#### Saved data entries

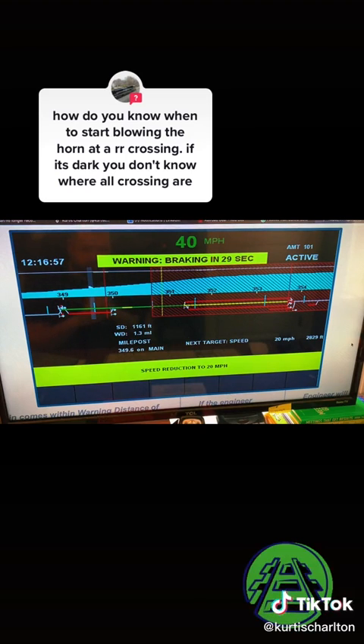One thing this screen doesn't show — to further answer your question — is no-blow zones. If you get into areas that are residential and have ordinances where you can't sound your train horn, and can only operate the bell, there will be giant 15-foot masts with a giant red X flashing as you go through that area. That's how you know it's a no-blow zone. That will not show up in PTC, so it's something you do have to pay attention to as you're making the trip.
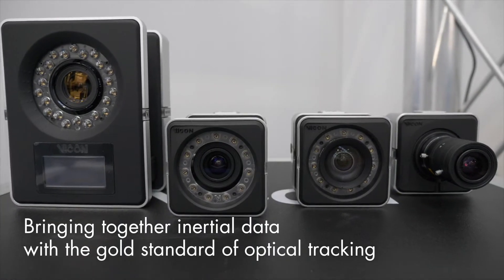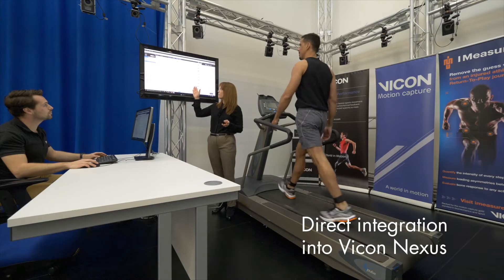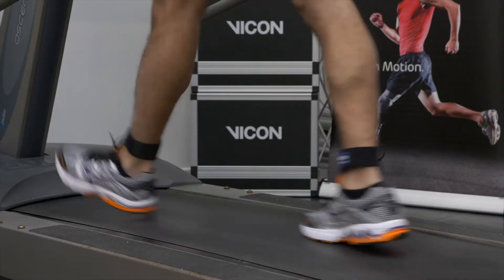We used to spend a lot of time in the lab, and the problem with that is that you're constrained to a laboratory environment. We've had a lot of people coming to us who are interested in how we can combine the two technologies together.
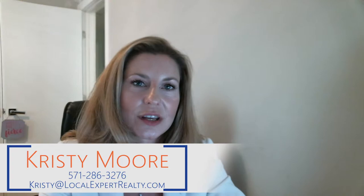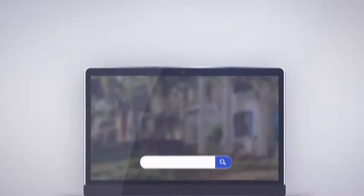Hi, I'm Christy Moore, broker of Local Expert Realty, and today I want to answer the question: what are some costly mistakes to avoid when selling my home?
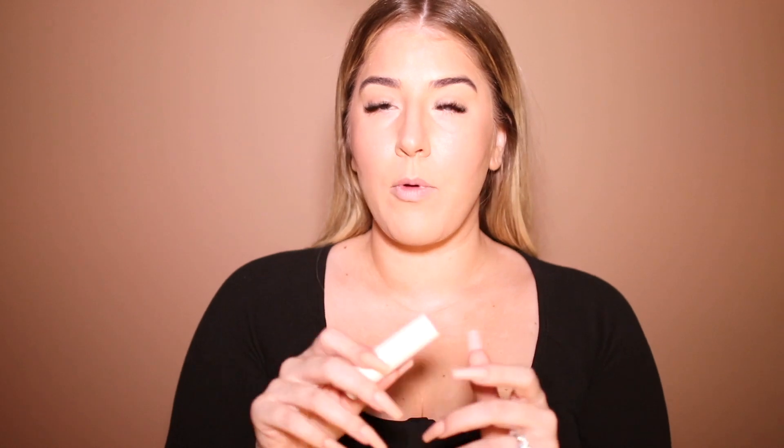Lastly for creams before we set, I'm going to do a highlighter. I like this stick by Merit — this is in the shade Kava, the highlighting balm. I also love the Charlotte Tilbury spotlight highlighters, I have about three of those. Any kind of cream highlight is going to be amazing. Even if you're someone who's oily, if you put this underneath it's just going to look really nice once you set it with powders. This will give you that amazing natural dewy finish — it almost makes your skin look wet.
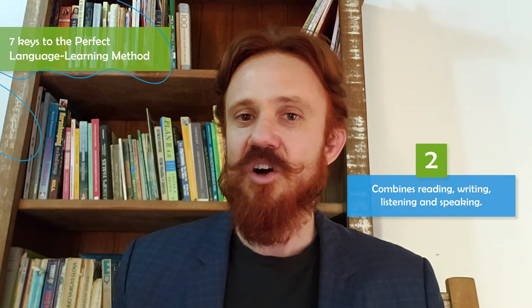So there you have it. If you follow these seven principles, you'll have the ideal language learning method.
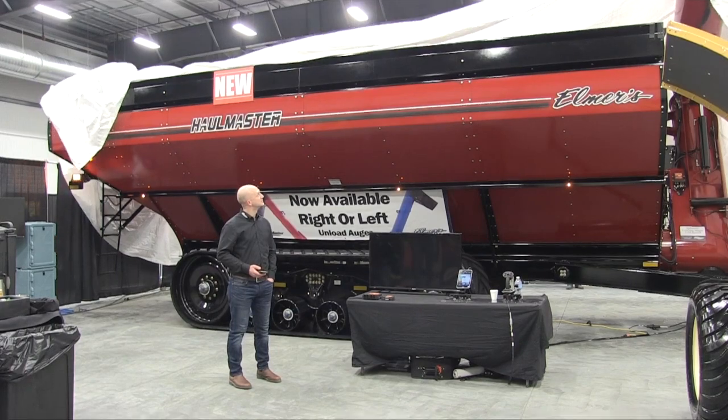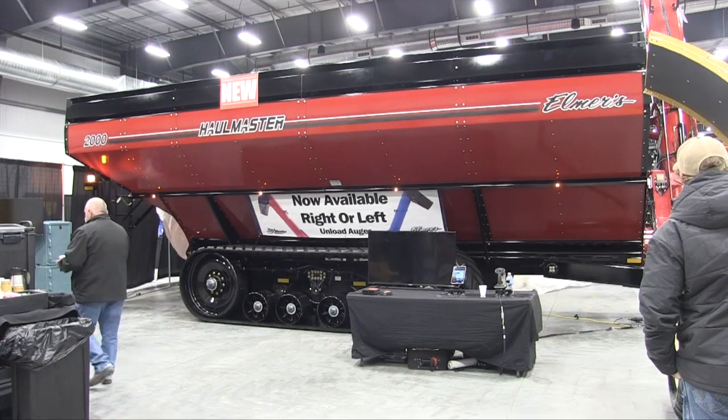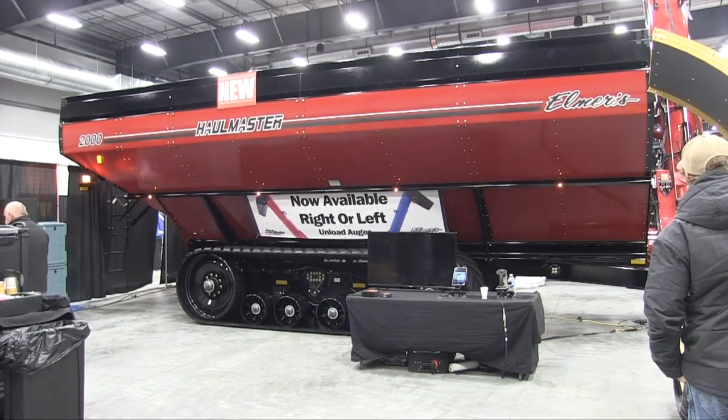We've been in grain carts for approximately nine years, and this is our latest version that we have released today. Some key characteristics that we were focusing on were a lower design for more comfort for the combine operator and the grain cart driver, increased capacity and unloading capacity, as well as some advanced features that are very simple to use.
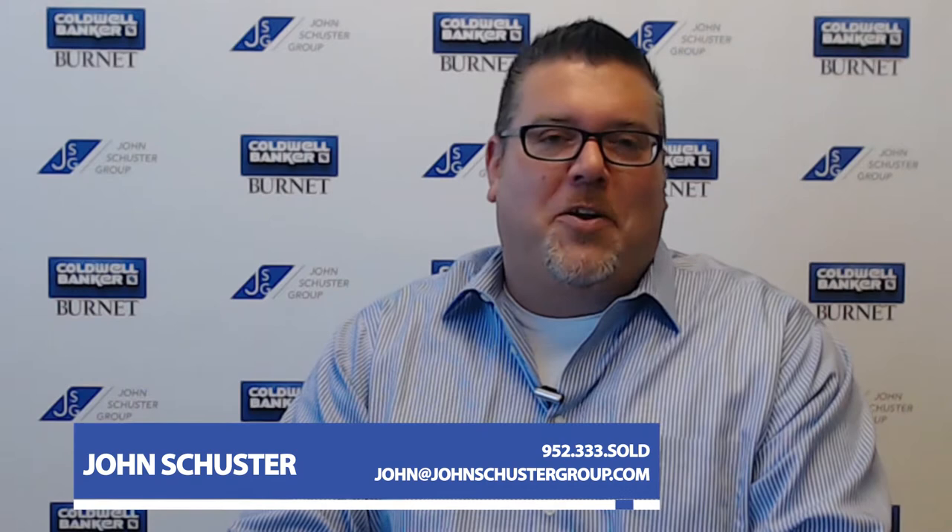Hi, I'm John Schuster with the John Schuster Group of Coldwell Banker Burnett. Thanks for tuning in to our video blog. Now before we get started, I want to draw your attention to a couple of links on our blog.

#### Problem to work on
The line containing "Lastly for creams" marks where the copy ends; print every line before it from the start of the records, and that line too, but no pictures.

#### Reply
One thing this screen doesn't show — to further answer your question — is no-blow zones. If you get into areas that are residential and have ordinances where you can't sound your train horn, and can only operate the bell, there will be giant 15-foot masts with a giant red X flashing as you go through that area. That's how you know it's a no-blow zone. That will not show up in PTC, so it's something you do have to pay attention to as you're making the trip.
We used to spend a lot of time in the lab, and the problem with that is that you're constrained to a laboratory environment. We've had a lot of people coming to us who are interested in how we can combine the two technologies together.
Hi, I'm Christy Moore, broker of Local Expert Realty, and today I want to answer the question: what are some costly mistakes to avoid when selling my home?
Lastly for creams before we set, I'm going to do a highlighter. I like this stick by Merit — this is in the shade Kava, the highlighting balm. I also love the Charlotte Tilbury spotlight highlighters, I have about three of those. Any kind of cream highlight is going to be amazing. Even if you're someone who's oily, if you put this underneath it's just going to look really nice once you set it with powders. This will give you that amazing natural dewy finish — it almost makes your skin look wet.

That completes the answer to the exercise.